Task brief. Restate the data below word for word, omitting pictures.

Brief descriptive captions
- Opening Delimiter -
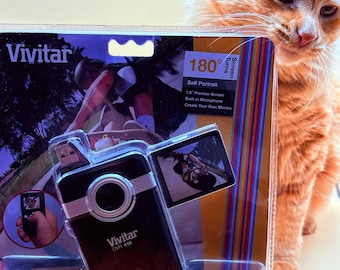 Vivitar DVR 410 Neu im Kasten
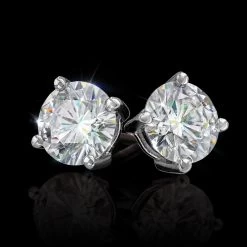 Moissanite Perfecta Ring & Studs -Accessories shop, one for all. 46535 2 800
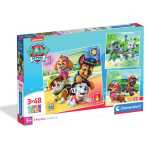 Puzzle 3X48 Piese - Paw Patrol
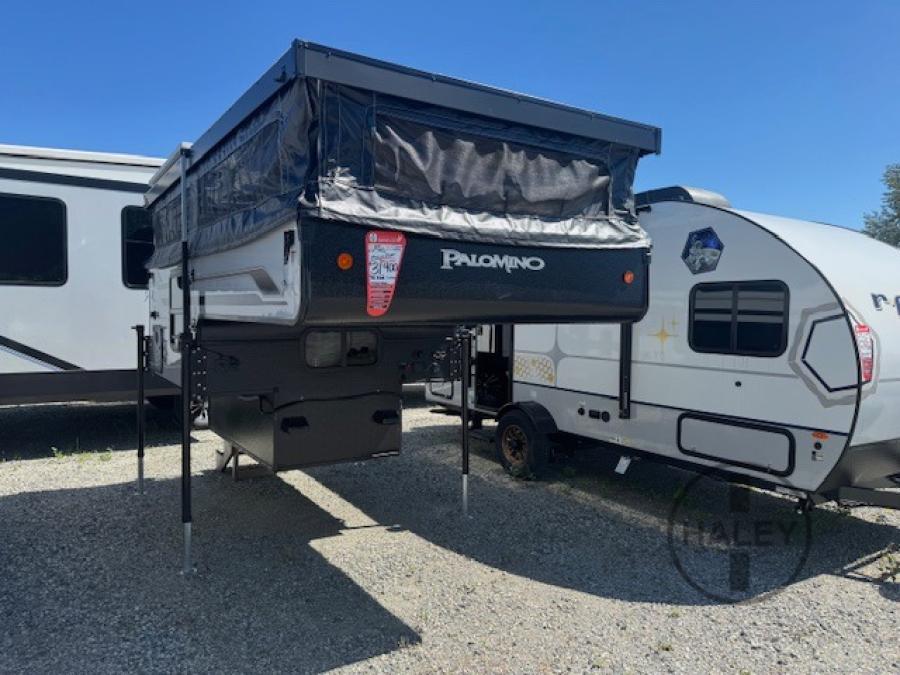New 2024 Palomino Backpack Edition SS 500 Truck Camper at Haley RV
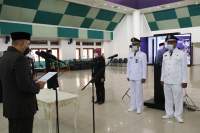 Ratusan Pejabat Eselon di Kabupaten Tangerang Dilantik Secara Virtual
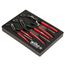 3-Piece Classic Grip V-Jaw Tongue & Groove Pliers Tray Set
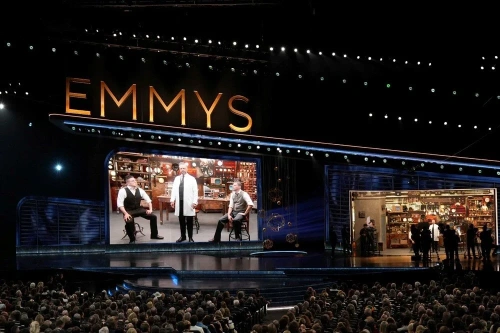 Emmy ödül töreninde ünlüler Gazze için İsrail'i protesto etti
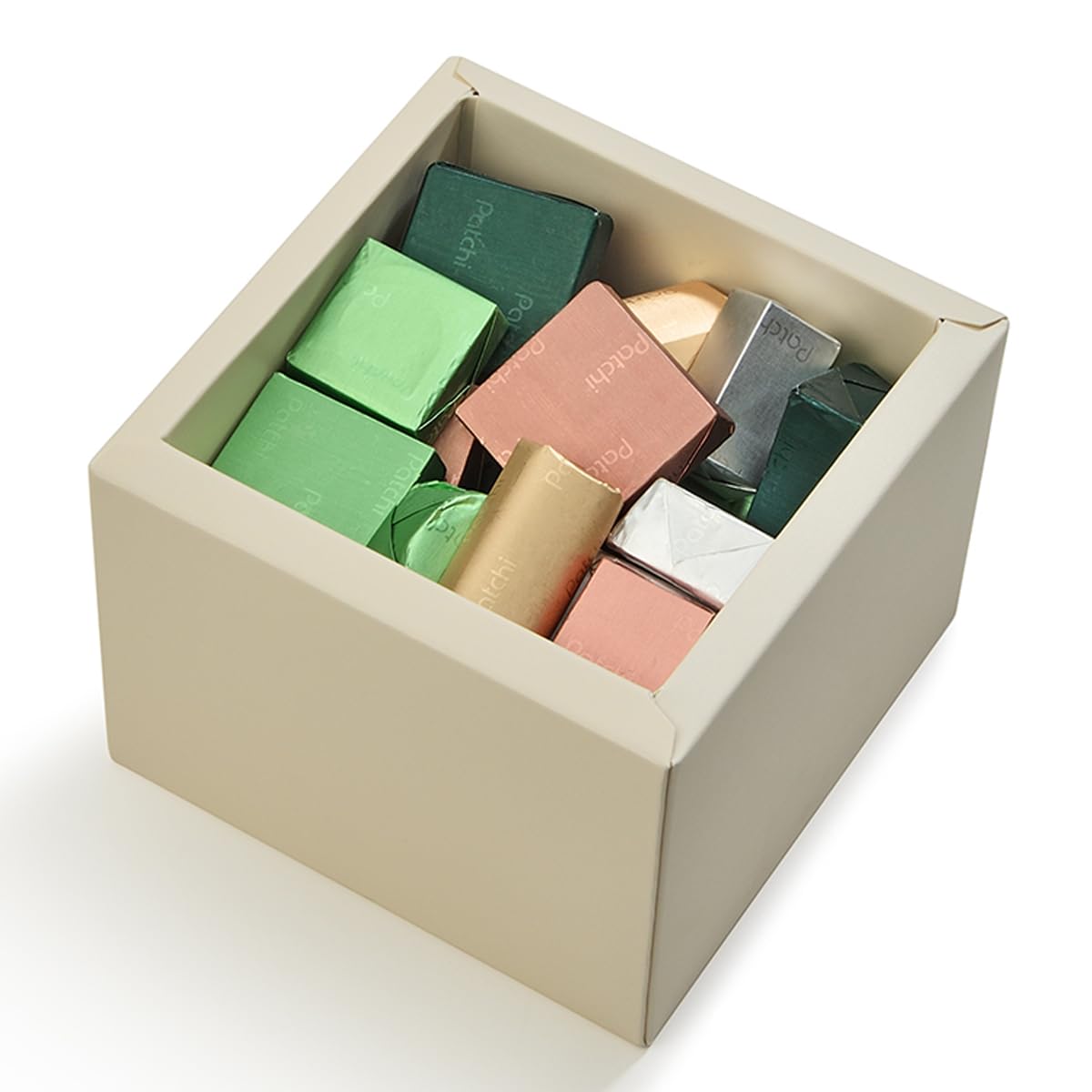 Patchi Ballotin Caja de regalo de chocolate con leche (1 libra), paquete de 1, ideal para regalos navideños, trufas exclusivas, caja de chocolates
- Closing Delimiter -
Solution.
 Vivitar DVR 410 Neu im Kasten
 Moissanite Perfecta Ring & Studs -Accessories shop, one for all. 46535 2 800
 Puzzle 3X48 Piese - Paw Patrol
New 2024 Palomino Backpack Edition SS 500 Truck Camper at Haley RV
 Ratusan Pejabat Eselon di Kabupaten Tangerang Dilantik Secara Virtual
 3-Piece Classic Grip V-Jaw Tongue & Groove Pliers Tray Set
 Emmy ödül töreninde ünlüler Gazze için İsrail'i protesto etti
 Patchi Ballotin Caja de regalo de chocolate con leche (1 libra), paquete de 1, ideal para regalos navideños, trufas exclusivas, caja de chocolates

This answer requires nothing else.